A good friend of mine sent me this quote, and it seems particularly appropriate today, to the art world as a whole, and even the world at large. My husband, a classical realist painter, (who is also responsible for the beautiful photograph at left), wondered aloud yesterday evening if his latest paintings might be rejected for their somewhat morbid oddity. They are a series of beautifully rendered fowl, and  parts of fowl. They are exquisite, though some are a bit eerie to behold, with their bodiless heads and wings, now resting flightless and soundless on fragile bones spread before you. They are birds whose heads and wings I see only briefly in life, before they are severed and tossed away, and I have never looked closely at them until Richard requested I buy our hens and pheasants intact at the market.
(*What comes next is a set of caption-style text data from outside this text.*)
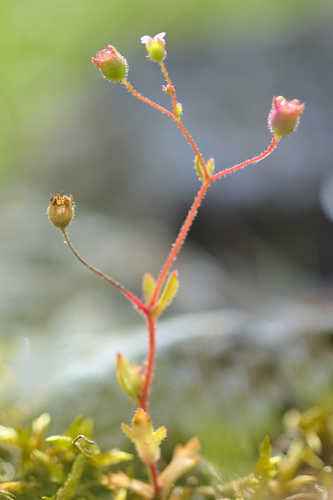 Rue-leaved Saxifrage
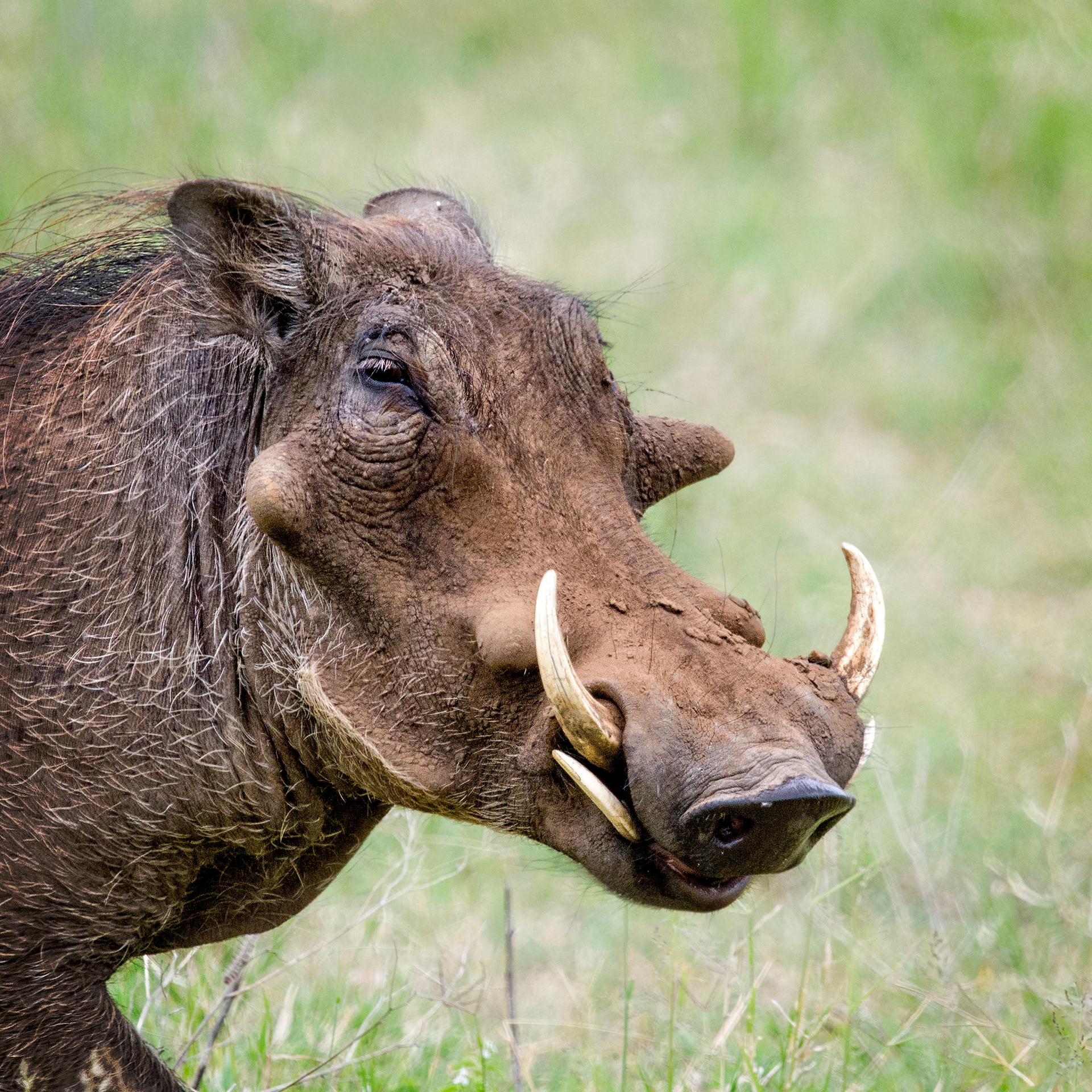 Ngorongoro Crater, Tanzania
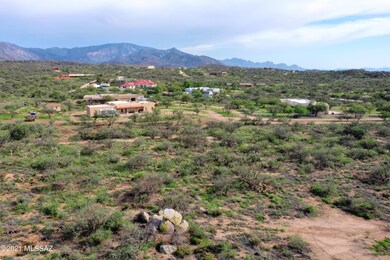 DJI_0556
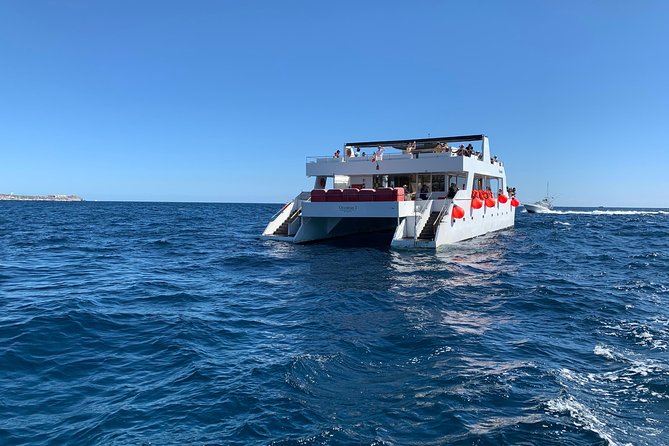 Whale Watching Cruise in Cabos San Lucas and Ground Transportation - What’s Included: Food/Drinks, Water, and the “Realistic Extras” List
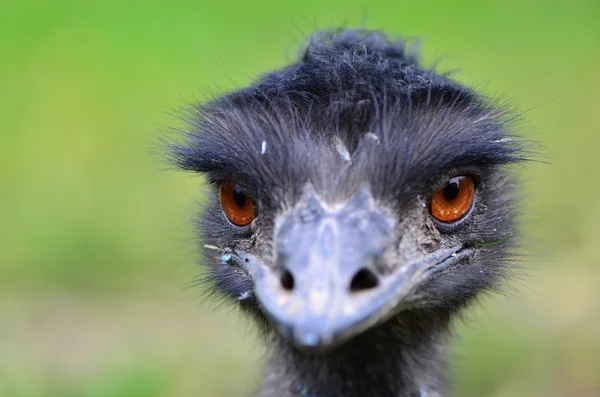 Pták EMU — Stock fotografie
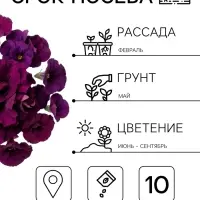 Семена цветов Петуния махровая &laquo;Дабл каскад блю&raquo; 10 шт.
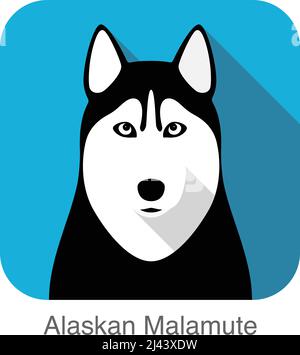 Siberian Husky faccia, Alaskan Malamute vector illustrator Illustrazione Vettoriale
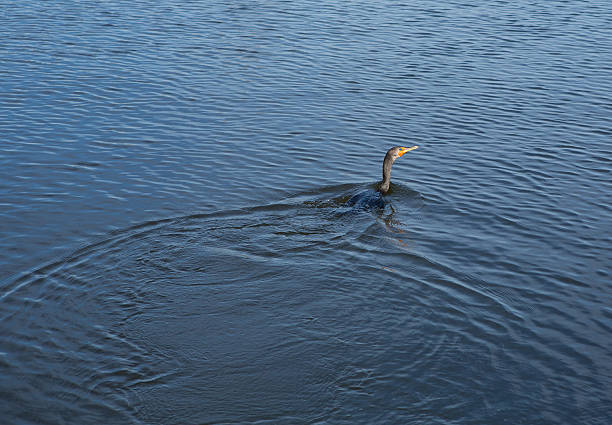istock Double-crested cormorant swims on lake 465010318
Sometimes he paints the entire body, as with our latest  faison, but usually he paints only the head, wings, and feet, the body already having been made into dinner. Experiencing this act of looking closely at our food, a teaching of Michael Pollan among others, is important to us. If we can't look at the animals we consume, inspect every part, understand the value of the life they lived, how and what they ate, then see and consider them in death - how the feathers feel, how the neck becomes flaccid and almost pathetic in the hand - if we can't do that, well, then, what business do we have eating them? Thus, it is important to look, and therefore that eerie quality in Richard's paintings is there for a reason. It reminds us. It connects us to our food, and we can't look away from that. So I say to him, yes they are odd, but they are beautiful too. And the oddness has become familiar to me, because I see it, and I understand. This is part of what makes them great art.
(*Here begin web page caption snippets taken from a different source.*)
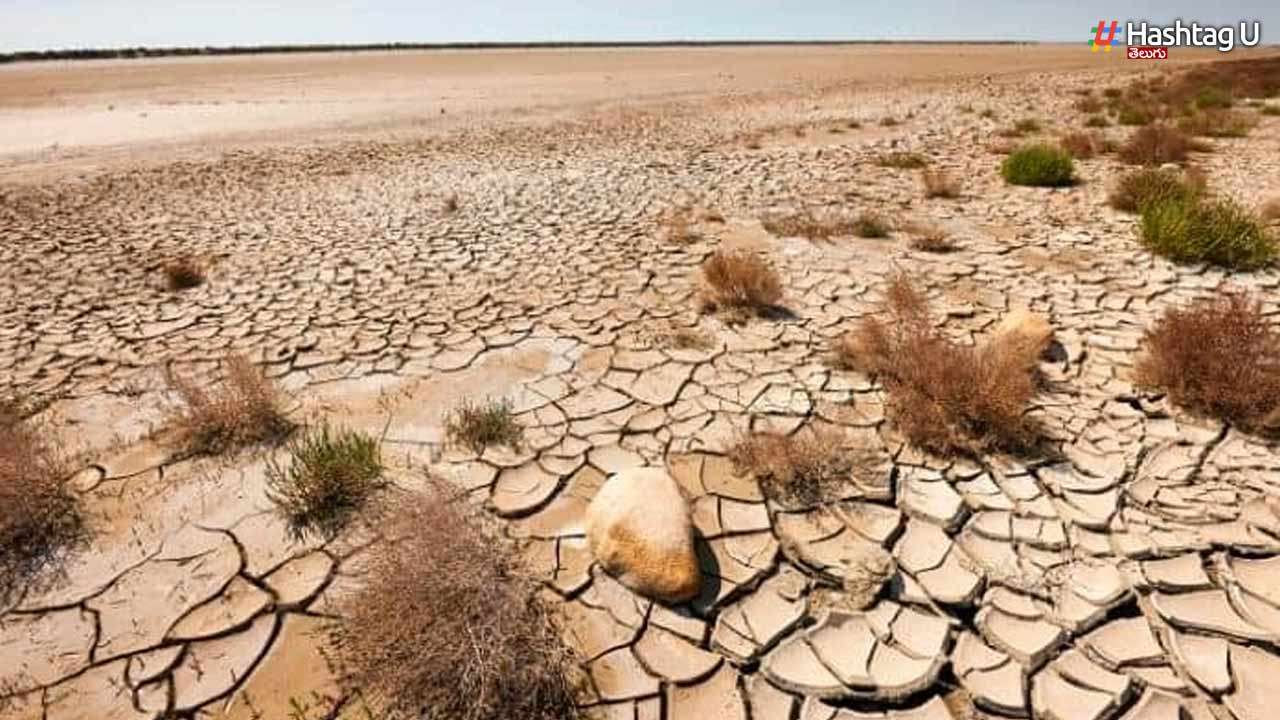 Desert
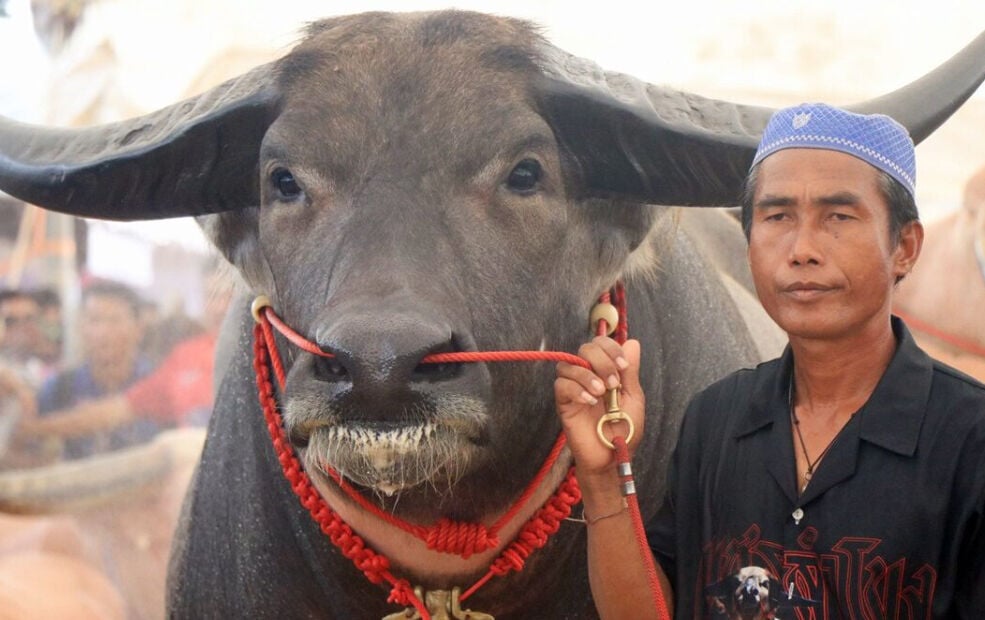 Farmer in Thailand puts buffalo up for sale for US.5 million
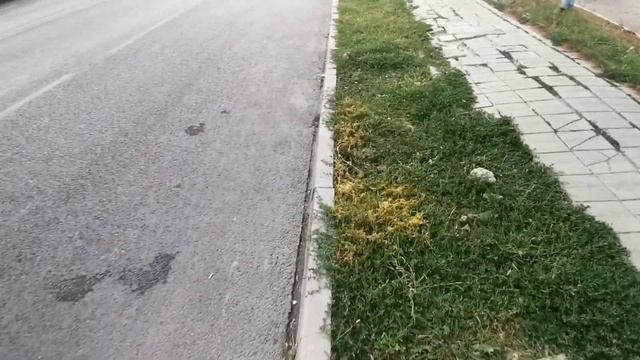 КИТ сотрудники сказали сделали, спасибо им за это. А дальше привыкайте к городской среде! смотреть онлайн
What is crazy, and what always seemed to be so to me, is the blindness and complacency of man. People who accept whatever comes their way, be it a vacuum packed bird which led a life of imprisonment in a tiny cage wallowing in and eating its own merde, a dangerous vaccine, bad design, filthy sidewalks, propaganda to make them buy anything and everything, (you too can have fake eyelashes!) and of course, ridiculous, unskilled, very bad "art". An example which always comes to mind is Jeff Koons (who has never even held a paintbrush). So, hey, even though the world has given us masters like Degas and Rembrandt, who spent a lifetime learning the skills which made them great, why don't we just include in that category we call Art a large, inflatable pink rabbit? It doesn't matter that he didn't make it himself, or that it's absurd and insults your intelligence; it's art now! And you should pay a million dollars for it! Sadly, people do. They do pay, and they accept the crazy as the norm, because we have allowed a few marketing gurus and businessmen to tell us how to think. Now that's crazy. The truth is, Jeff Koons seemed crazy in the 70's and he seems crazy now.
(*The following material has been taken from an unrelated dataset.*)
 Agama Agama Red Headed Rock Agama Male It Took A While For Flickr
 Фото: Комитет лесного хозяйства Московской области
What's even crazier is that this is all a part of how we are deceived. If we could really see, awaken each day with fresh minds free of the burden of constant advertising, maybe we would look at an inflatable Koons toy and say, you're calling yourself an artist? Are you crazy?! Maybe we would be able to see the labor and skill that goes into art. Maybe we would always look at our food and think, is this good for me to eat? Is it right or wrong to eat this and why? From where did this animal come and how was it slaughtered? Is this chair I'm sitting in made well, and with skill? Do I value it? Or did I just accept it because it's the latest style? But I don't think most of the world can ask those questions anymore. Maybe it's what they've put in our water and all those packaged bags of salad and single slices of cheese. If we're too tired to slice our own cheese, well....all in all, a clever way to get us to quietly hand over our paychecks.

There was a time, I think,  when people looked at the world around them; at the earth and the bounty it provides, at the meaning of learning a skill, of thinking for one's self. My grandmother knew how to raise and kill her own chickens. Most people now can't even butcher one. They think "chicken" is something they are entitled to, and comes in tidy plastic wrapped packages. The chair I'm sitting in needs to be re-stuffed and reupholstered, but only a cluster of fine upholsterers are left in the western world. That's because when we were all watching television, a large company decided to make cheaper chairs, fill them with Styrofoam and tell us cheaper is better. And everybody went for it. The companies profited, but did we? I think I'd rather learn how to build a chair myself  to tell you the truth, or pay someone who still knows how to use his hands and make something solid.

As I sit down to dinner tonight at a table made by a person, not a machine, and I eat the flesh of a bird who was sold to me at a fair price from a farmer I trust, I would like to offer up a toast. Here's to those of you who value quality and beauty. To those who know how to draw an accurate figure, who know the skills of painting, who know how to sew, how to grow vegetables without chemicals, raise animals humanely, build a table, make a fire that doesn't have an electric switch. Here's to the people who make wine with terroir, write literature and music, hunt, forage, bake their own bread. To those who still value knowledge over reality tv, and therefore know how to spot the odd from the perpetually crazy. Here's to the ones who truly see, and  know the parts equal a greater whole.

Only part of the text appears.